EXERCISE REQUIREMENTS: Go through the listing below and write out exactly the lines from the one that mentions "North Wagga Wagga" through the one that mentions "1915 Ford Model", minus the pictures.

ENTRIES PROVIDED:
----

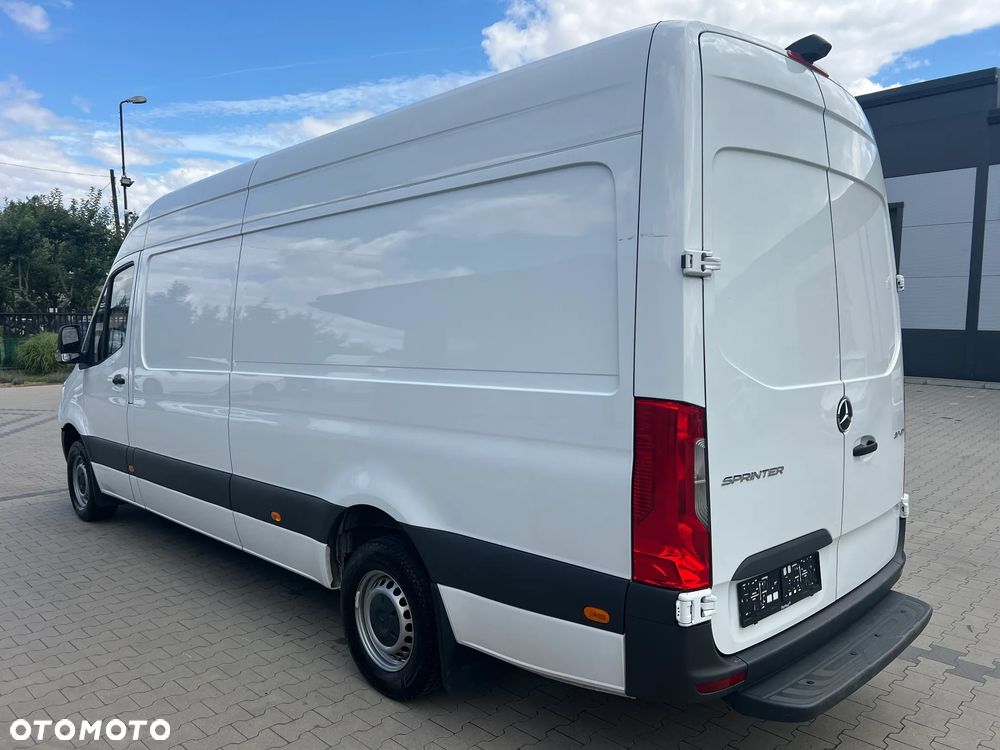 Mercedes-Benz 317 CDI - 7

----

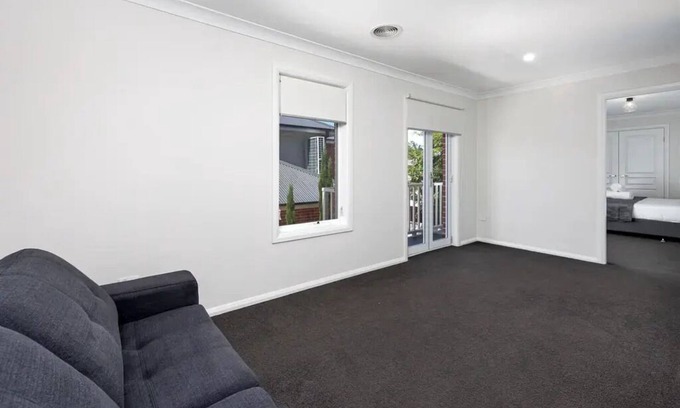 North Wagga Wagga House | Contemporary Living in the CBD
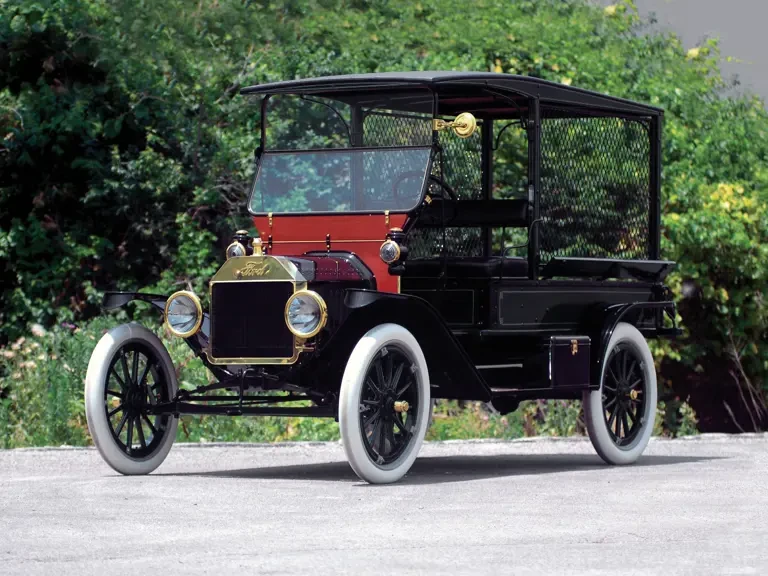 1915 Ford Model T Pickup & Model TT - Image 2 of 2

----

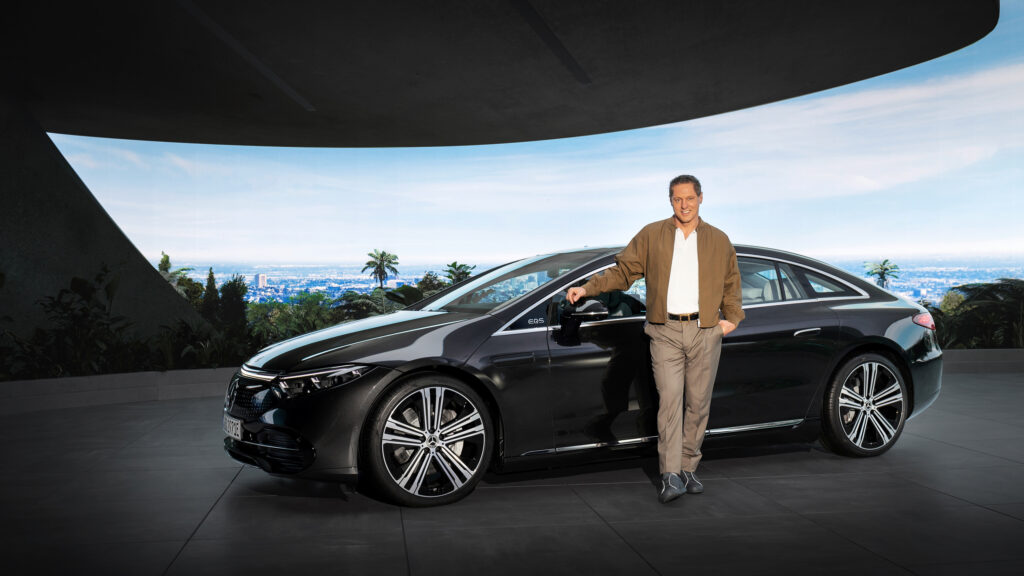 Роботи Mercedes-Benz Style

----

RESPONSE TO THIS EXERCISE:
 North Wagga Wagga House | Contemporary Living in the CBD
 1915 Ford Model T Pickup & Model TT - Image 2 of 2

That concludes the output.